Although we live everyday with anxiety, it can reach intense proportions and can have various faces. It can be generalised, often affecting sleep patterns and energy levels – feeling tired from not being able to sleep because your mind is racing or will not quiet down. It can be specific and relate to a current event or to a fear of something like spiders and snakes. The degree of the anxiety can be described by the effect it has on your life: sleep patterns are disturbed, an increase or decrease in appetite coupled with disturbances in bodily function, a constant feeling of alertness and an inability to be still, tiredness, lack of energy, lack of motivation, snappiness and other similar things that hamper fuller and happier living.
It should be said that anxiety can be linked to depression and can ebb and flow as depression rises and falls. Not all anxiety needs medication, but psychotherapy and balanced living can go a far way to alleviating the impact of anxiety in your life. Some steps to follow if you think you’re more anxious than you should be:
- Ask yourself if it’s situational or on-going.
- The answer to this will tell you whether you need therapy or not. Some situations (break-ups, job loss or interviews) can benefit from therapy as much as on-going issues (long-standing anxiety, anxiety created by childhood issues such as abuse) can. Phobias definitely need psychotherapy.
- Before you consider medication, ask yourself whether you should first try working through it with a professional psychologist who can judge your suitability to trying medication. For the record, medication is easier than therapy, but does not provide a long-term solution.

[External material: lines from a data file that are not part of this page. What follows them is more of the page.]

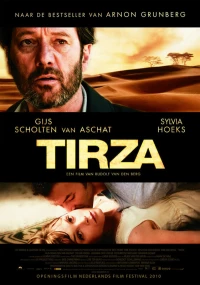 Постер фильма: Тирза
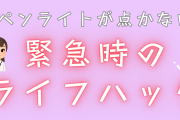 ペンライトが点かない緊急時のライフハック！誰もが持ってるアイテムで解決「これはガチ」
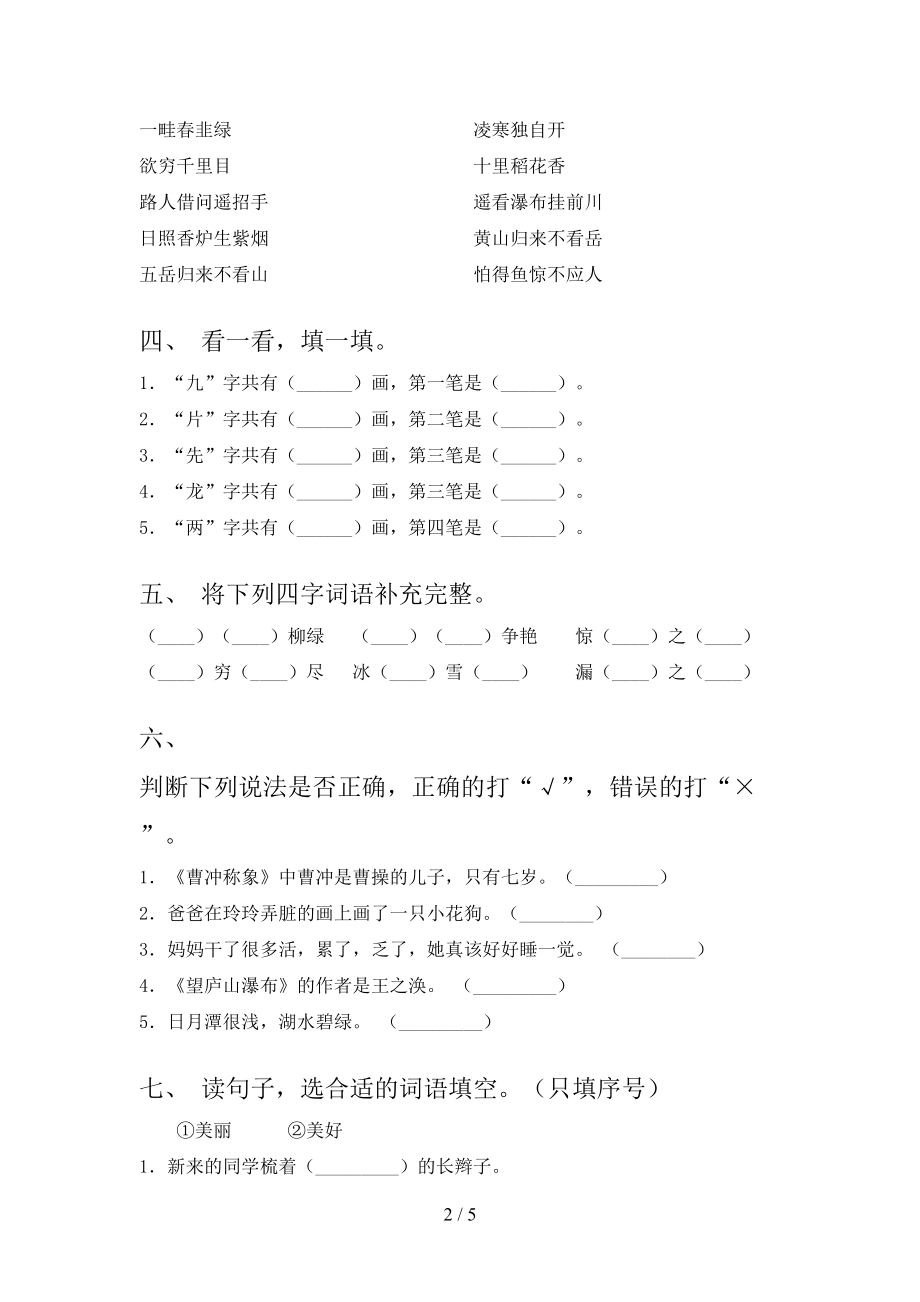 2021年二年级语文上册期末考试提升检测北师大.doc_第2页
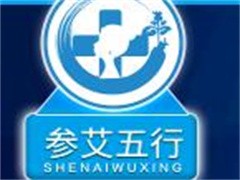 参艾五行皮肤抗衰管理中心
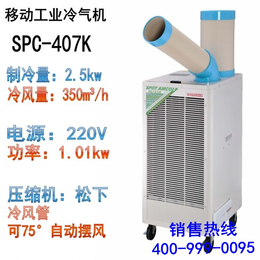 供应冬夏2500w 移动环保空调 小型移动冷气机
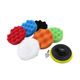 Car beauty polishing 3-7 inch 8 piece set self-adhesive polishing sponge disc polishing wool ball mirror repair reduction disc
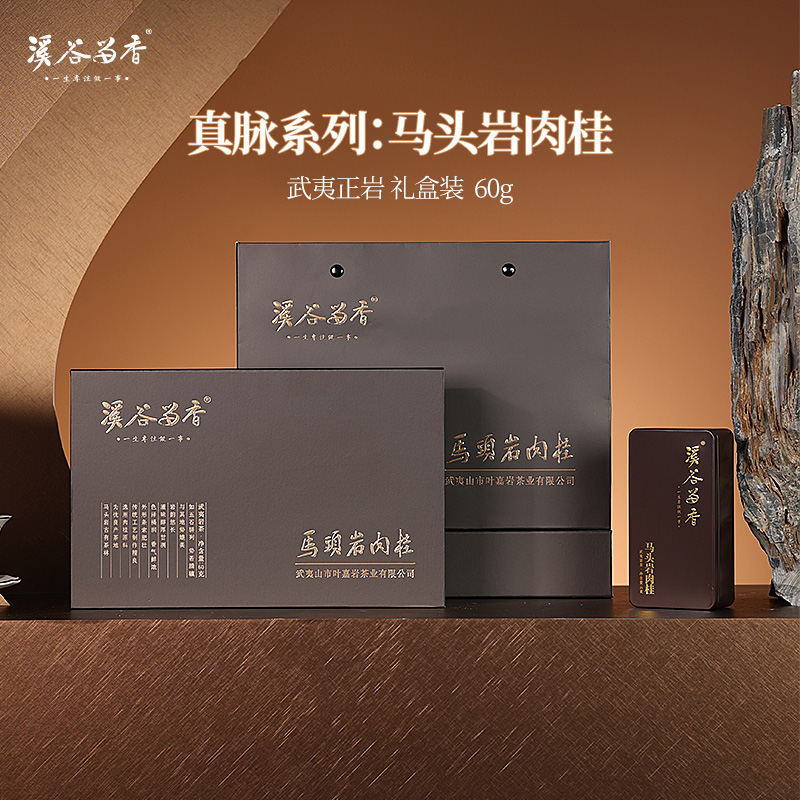 溪谷留香·马头岩肉桂 60g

- Consider whether increased exercise (cardiovascular exercise in the mornings) and balanced diet can contribute to shifting some of your anxiety. Consulting a psychologist and a dietician in this regard may prove worth the visit.
- Ask yourself whether your life is imbalanced or disharmonious.
- Consider meditation as an accompaniment to other measures you try (although, it can be very hard to meditate if your anxiety is very high – practice makes perfect).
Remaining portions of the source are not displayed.